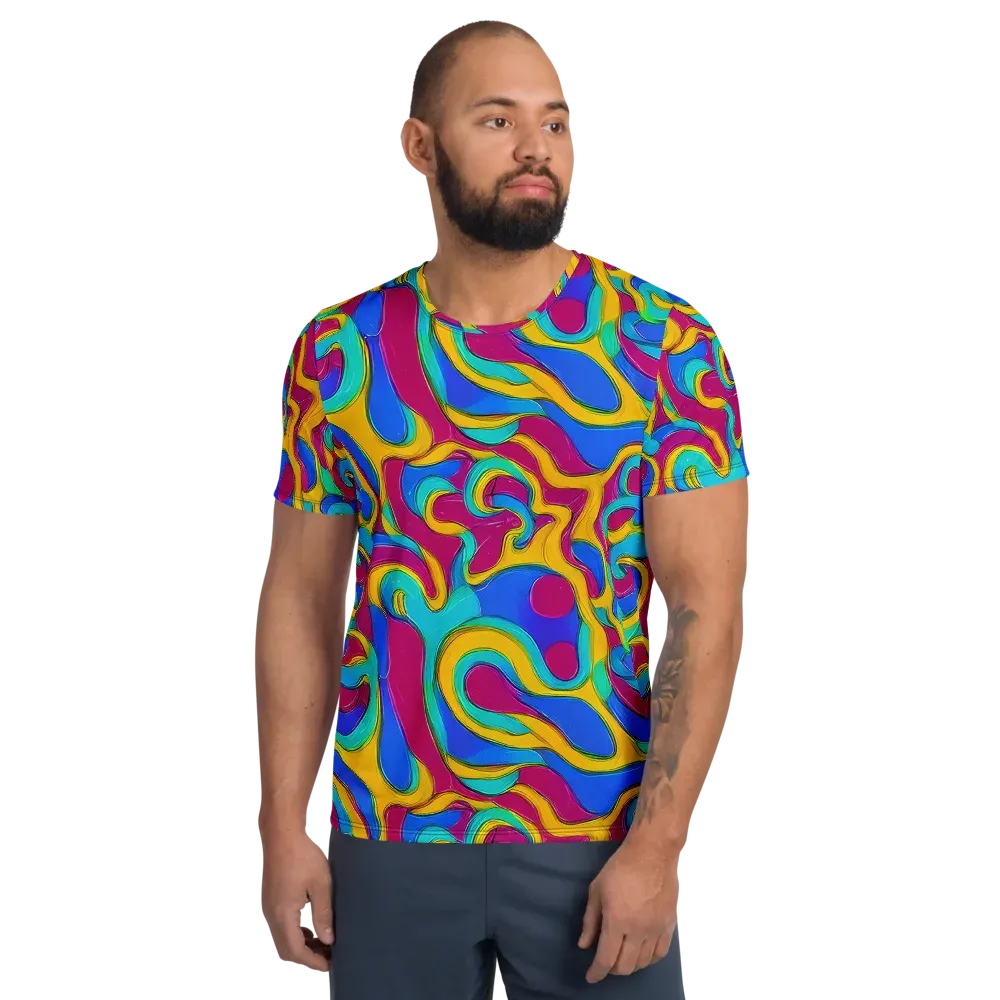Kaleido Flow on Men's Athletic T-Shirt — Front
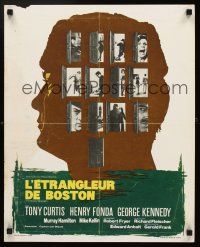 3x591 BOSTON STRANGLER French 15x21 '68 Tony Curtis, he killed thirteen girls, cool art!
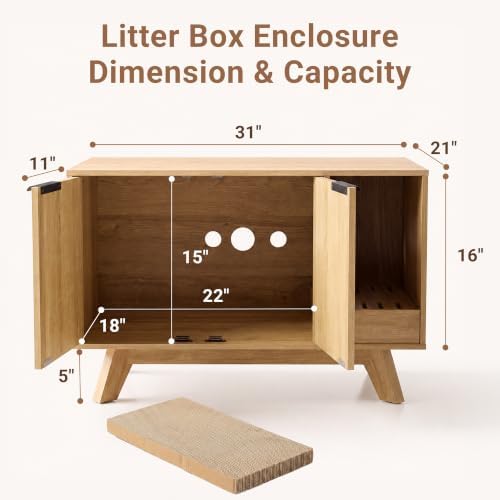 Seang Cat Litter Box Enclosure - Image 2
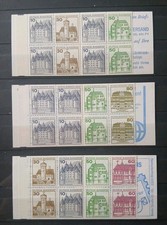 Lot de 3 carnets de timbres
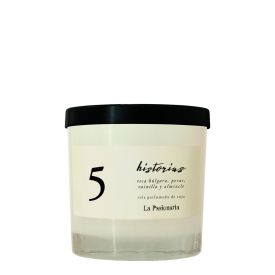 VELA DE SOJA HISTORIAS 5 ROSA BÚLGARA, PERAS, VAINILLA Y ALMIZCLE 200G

★ ★ ★ ★ ★ ★ ★

When the line containing "Seang Cat Litter Box Enclosure - Image 2" has been located, retype it and each line after it through the end of the records, excluding the pictures and adding nothing else.

 Seang Cat Litter Box Enclosure - Image 2
 Lot de 3 carnets de timbres
 VELA DE SOJA HISTORIAS 5 ROSA BÚLGARA, PERAS, VAINILLA Y ALMIZCLE 200G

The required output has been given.